We must prioritize our people's health and well-being, including supporting people by providing sustainable workloads, resources to mitigate work-related stress, and broad-based support for people experiencing difficulties inside and outside work.

Actions and highlights of the work undertaken to meet the goals of Theme 1: Prioritizing health and well-being.
Goal Actions Highlights/Spotlight

Create healthy and sustainable workloads through organizational- and system-level solutions

Tie healthy practices into performance reviews, linking recognition, performance and well-being as core leadership responsibilities.

Completed foundational work to create a more consistent job description template that will better enable performance reviews.
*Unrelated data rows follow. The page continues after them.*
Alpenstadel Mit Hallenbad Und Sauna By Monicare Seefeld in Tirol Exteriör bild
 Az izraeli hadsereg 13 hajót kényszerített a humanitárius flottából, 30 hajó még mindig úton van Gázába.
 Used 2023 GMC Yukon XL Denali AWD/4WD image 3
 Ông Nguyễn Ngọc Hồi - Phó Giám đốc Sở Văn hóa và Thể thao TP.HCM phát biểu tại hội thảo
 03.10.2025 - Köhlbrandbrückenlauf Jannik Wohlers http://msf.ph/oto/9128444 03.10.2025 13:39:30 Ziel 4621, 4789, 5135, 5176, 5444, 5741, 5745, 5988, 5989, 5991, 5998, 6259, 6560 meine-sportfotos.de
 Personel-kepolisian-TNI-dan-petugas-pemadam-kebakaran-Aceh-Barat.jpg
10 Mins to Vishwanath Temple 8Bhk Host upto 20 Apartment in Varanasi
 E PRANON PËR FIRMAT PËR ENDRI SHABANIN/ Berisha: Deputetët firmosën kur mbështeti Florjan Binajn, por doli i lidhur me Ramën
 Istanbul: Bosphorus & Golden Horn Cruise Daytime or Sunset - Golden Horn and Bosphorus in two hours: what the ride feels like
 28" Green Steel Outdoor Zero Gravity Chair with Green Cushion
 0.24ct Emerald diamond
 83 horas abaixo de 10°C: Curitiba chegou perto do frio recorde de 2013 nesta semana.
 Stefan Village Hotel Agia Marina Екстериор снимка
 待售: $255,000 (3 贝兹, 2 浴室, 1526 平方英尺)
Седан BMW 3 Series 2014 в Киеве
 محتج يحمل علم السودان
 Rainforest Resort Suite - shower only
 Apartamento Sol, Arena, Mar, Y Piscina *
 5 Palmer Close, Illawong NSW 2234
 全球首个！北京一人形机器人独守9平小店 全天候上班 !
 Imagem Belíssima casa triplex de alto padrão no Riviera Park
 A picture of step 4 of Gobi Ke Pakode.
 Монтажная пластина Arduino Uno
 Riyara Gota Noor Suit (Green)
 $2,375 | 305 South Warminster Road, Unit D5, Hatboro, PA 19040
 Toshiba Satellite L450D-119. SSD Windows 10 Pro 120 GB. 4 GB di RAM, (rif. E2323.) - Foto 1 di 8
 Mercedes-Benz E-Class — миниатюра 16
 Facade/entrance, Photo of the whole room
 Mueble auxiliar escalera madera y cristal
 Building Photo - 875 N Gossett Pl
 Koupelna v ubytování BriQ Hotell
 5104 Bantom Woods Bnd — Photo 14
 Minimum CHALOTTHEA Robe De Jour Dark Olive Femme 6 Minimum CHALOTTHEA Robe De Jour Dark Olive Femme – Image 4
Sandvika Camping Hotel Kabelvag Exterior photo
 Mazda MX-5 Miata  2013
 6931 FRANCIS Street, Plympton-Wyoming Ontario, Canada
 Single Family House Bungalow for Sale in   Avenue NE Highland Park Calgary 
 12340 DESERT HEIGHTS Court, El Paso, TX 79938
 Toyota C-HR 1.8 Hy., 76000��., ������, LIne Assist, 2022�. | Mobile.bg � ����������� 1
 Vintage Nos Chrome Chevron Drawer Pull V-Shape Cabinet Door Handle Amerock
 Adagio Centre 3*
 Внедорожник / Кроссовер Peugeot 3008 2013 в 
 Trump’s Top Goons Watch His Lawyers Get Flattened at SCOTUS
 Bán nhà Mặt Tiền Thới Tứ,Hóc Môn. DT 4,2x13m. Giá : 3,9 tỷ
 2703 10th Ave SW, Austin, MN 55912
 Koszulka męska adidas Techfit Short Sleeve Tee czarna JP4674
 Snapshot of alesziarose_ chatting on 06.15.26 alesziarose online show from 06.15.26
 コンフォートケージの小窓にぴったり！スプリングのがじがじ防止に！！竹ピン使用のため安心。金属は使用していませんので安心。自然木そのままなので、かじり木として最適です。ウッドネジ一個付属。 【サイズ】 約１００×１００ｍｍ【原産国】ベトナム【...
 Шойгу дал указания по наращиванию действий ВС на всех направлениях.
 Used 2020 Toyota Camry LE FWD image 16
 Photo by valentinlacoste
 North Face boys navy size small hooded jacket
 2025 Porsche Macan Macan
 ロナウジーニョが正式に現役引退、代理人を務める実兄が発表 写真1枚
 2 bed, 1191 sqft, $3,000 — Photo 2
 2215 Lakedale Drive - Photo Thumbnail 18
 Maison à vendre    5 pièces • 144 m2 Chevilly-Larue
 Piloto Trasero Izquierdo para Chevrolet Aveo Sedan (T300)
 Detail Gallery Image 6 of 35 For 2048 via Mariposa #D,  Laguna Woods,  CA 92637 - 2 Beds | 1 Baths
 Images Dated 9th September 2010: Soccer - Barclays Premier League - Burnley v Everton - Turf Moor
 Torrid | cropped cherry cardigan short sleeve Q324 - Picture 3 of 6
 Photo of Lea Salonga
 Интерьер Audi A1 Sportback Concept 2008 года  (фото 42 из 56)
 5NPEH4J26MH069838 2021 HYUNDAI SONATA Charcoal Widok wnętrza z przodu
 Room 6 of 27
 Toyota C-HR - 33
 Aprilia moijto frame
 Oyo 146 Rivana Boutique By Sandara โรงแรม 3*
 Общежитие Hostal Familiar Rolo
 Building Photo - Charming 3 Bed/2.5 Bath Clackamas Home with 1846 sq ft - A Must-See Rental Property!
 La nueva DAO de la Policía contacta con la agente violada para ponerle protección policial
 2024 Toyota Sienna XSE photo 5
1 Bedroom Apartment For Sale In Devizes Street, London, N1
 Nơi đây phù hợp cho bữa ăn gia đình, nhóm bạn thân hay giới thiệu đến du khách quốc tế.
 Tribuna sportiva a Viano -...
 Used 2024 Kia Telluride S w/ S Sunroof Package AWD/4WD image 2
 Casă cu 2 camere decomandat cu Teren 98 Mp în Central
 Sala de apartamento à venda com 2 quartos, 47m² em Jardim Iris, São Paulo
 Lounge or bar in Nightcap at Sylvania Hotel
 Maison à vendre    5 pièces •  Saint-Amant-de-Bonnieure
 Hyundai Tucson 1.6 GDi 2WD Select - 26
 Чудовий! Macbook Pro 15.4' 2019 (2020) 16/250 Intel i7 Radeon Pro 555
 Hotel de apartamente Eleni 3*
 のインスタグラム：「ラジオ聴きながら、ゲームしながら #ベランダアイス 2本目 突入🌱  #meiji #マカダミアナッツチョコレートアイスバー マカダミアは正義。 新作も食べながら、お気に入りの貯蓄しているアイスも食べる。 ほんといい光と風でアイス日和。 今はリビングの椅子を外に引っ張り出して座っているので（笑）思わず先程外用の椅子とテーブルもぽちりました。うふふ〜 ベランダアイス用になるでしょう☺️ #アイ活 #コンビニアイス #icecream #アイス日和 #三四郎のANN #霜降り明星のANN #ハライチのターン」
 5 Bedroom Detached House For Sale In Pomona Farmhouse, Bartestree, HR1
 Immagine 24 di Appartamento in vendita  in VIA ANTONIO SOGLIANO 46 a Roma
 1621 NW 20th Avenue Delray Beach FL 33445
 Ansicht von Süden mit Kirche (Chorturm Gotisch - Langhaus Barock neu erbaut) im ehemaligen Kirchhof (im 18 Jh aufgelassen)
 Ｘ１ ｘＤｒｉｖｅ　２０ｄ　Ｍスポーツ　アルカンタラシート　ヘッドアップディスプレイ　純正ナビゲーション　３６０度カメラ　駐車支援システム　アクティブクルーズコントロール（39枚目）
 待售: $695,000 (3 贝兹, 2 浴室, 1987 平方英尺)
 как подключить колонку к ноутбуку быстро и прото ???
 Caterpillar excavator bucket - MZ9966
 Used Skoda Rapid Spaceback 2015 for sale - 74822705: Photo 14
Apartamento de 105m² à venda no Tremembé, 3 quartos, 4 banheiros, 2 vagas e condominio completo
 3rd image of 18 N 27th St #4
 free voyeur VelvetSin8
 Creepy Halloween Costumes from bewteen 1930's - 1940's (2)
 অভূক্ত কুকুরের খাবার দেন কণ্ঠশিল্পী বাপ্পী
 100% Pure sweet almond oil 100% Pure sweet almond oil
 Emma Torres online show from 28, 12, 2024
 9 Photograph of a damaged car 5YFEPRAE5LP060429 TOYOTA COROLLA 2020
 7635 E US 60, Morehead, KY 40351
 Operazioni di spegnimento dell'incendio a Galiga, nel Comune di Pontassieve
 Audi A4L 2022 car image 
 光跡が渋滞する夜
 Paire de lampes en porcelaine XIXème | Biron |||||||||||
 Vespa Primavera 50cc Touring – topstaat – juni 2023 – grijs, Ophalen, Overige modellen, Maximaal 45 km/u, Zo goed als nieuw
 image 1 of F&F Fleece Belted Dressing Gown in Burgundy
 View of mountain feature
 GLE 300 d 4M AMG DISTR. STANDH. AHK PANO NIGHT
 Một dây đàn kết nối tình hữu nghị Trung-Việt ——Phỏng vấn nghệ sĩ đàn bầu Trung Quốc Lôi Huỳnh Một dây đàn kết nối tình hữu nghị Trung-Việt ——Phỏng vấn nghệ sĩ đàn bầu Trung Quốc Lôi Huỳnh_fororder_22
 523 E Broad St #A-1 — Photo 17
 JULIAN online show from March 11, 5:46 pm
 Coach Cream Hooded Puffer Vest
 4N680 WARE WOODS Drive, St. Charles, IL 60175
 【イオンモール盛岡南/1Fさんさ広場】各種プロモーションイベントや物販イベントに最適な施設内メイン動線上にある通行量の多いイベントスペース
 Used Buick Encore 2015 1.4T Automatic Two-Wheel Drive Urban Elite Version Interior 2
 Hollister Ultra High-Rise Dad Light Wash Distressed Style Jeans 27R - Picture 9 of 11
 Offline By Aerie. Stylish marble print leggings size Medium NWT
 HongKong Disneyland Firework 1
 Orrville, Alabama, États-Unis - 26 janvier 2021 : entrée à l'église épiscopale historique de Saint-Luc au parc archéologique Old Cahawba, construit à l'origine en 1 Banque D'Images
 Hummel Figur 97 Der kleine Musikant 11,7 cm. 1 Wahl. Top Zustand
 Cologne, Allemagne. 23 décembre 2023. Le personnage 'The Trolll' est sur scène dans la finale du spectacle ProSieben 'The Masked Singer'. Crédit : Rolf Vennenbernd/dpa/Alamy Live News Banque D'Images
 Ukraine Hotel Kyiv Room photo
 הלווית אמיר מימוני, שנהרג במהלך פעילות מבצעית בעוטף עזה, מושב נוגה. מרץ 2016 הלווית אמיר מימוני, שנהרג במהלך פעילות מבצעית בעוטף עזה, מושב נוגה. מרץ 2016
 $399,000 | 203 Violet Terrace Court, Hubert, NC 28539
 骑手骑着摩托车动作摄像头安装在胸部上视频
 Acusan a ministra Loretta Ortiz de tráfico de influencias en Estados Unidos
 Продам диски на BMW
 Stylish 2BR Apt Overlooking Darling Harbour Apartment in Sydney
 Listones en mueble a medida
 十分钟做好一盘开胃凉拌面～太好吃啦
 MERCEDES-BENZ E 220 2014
Prioritize process and system improvements with greatest impact on employee workloads, including through the Continuous Administrative Service Improvement Program (CASIP).

Appointment of a Chief Transformation Officer (CTO) in June 2026, intended to drive the institution’s transformation to address our current challenges and continue to achieve excellence in teaching, research and community engagement.

Empower individuals to access resources to mitigate stress and burnout

Continue to develop and deliver professional development on well-being for supervisors and teams.

Continued to offer Health + Wellbeing courses aligned with the Culture of Care and Workplace Mental Health and Well-being Action Plans, including 16 full-day workshops to support personal well-being and strengthen resilience.

Promoted the WeCare Toolkit at various university events.

Piloted 7 SparkX micro-learning sessions—engaging, hour-long webinars offering practical strategies for navigating sleep, stress, time management, and social media habits.

Establish clear priorities to empower teams and individuals to manage their work in alignment with the university’s vision

Renew college, faculty and unit plans to align with Shape and set clear priorities, then ensuring that team- and individual-level work plans align with these priorities.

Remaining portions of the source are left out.